* **Material provided**:
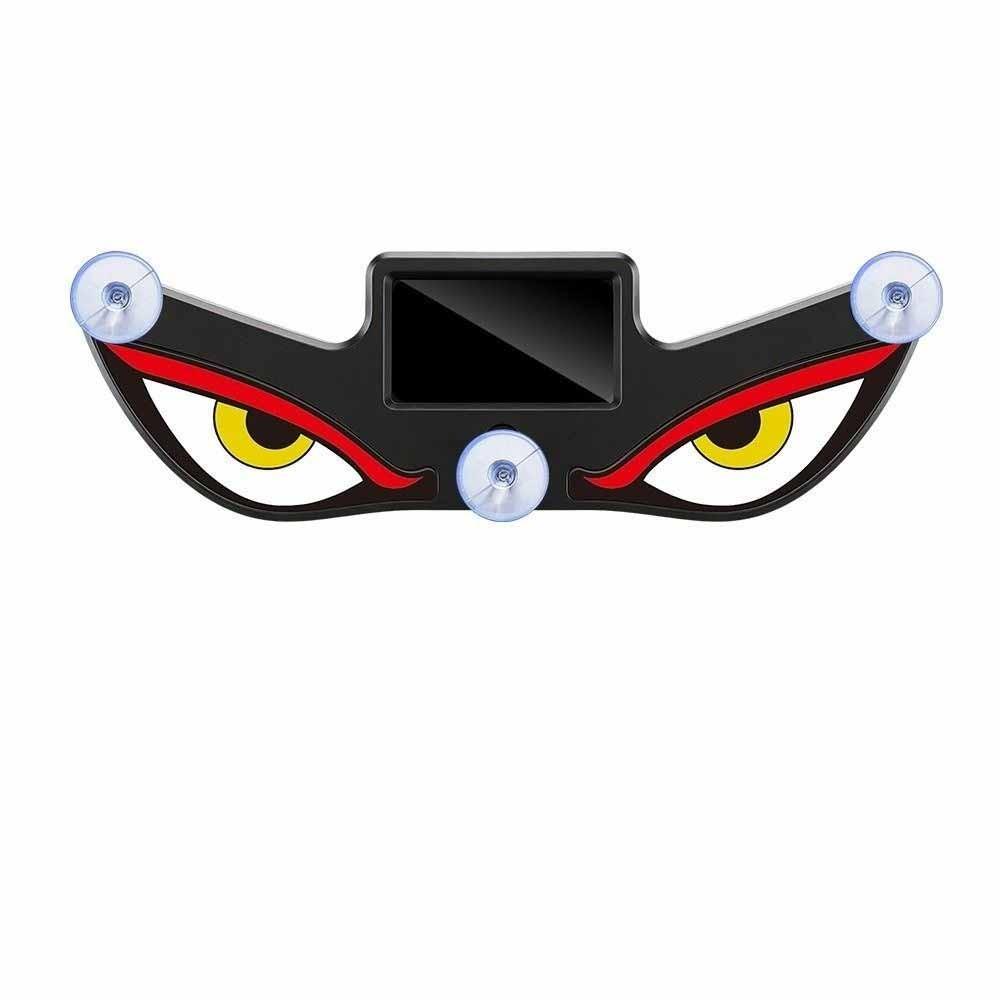 Suction Cup Mount Car Ambient Light Blinking Moving Eyes Anti-Rear-End Light  Universal Car Fit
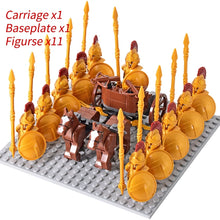 Load image into Gallery viewer, Medieval Knights mini Action Figures Building Blocks Roman Chariot Carriage Soldier War Horse Bricks Toys for Children Gift
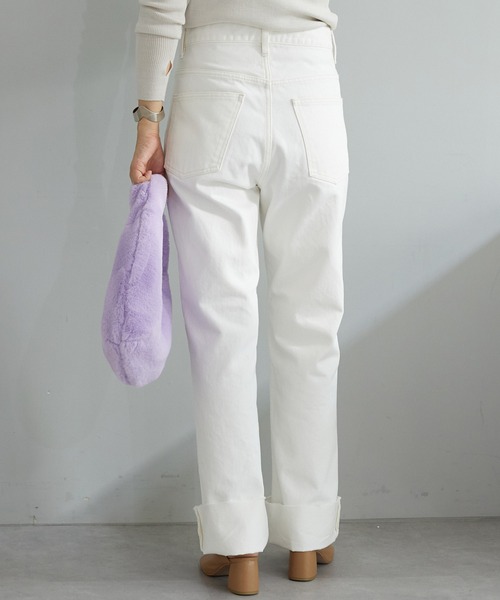 SHENERY（シーナリー）の「ロールアップワイドデニムパンツ（デニム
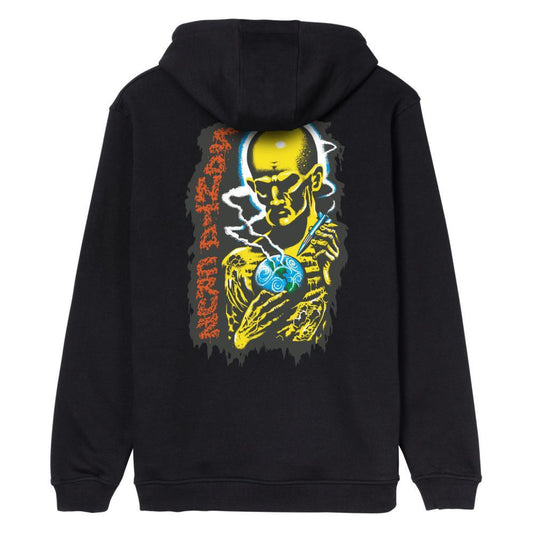 Santa Cruz Full Zip Hooded Sweatshirt Kendall Atomic Black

* **Your instructions**: Please output all the data exactly as given, with the pictures omitted.

* **Completed task**:
 Suction Cup Mount Car Ambient Light Blinking Moving Eyes Anti-Rear-End Light  Universal Car Fit
 Load image into Gallery viewer, Medieval Knights mini Action Figures Building Blocks Roman Chariot Carriage Soldier War Horse Bricks Toys for Children Gift
 SHENERY（シーナリー）の「ロールアップワイドデニムパンツ（デニム
 Santa Cruz Full Zip Hooded Sweatshirt Kendall Atomic Black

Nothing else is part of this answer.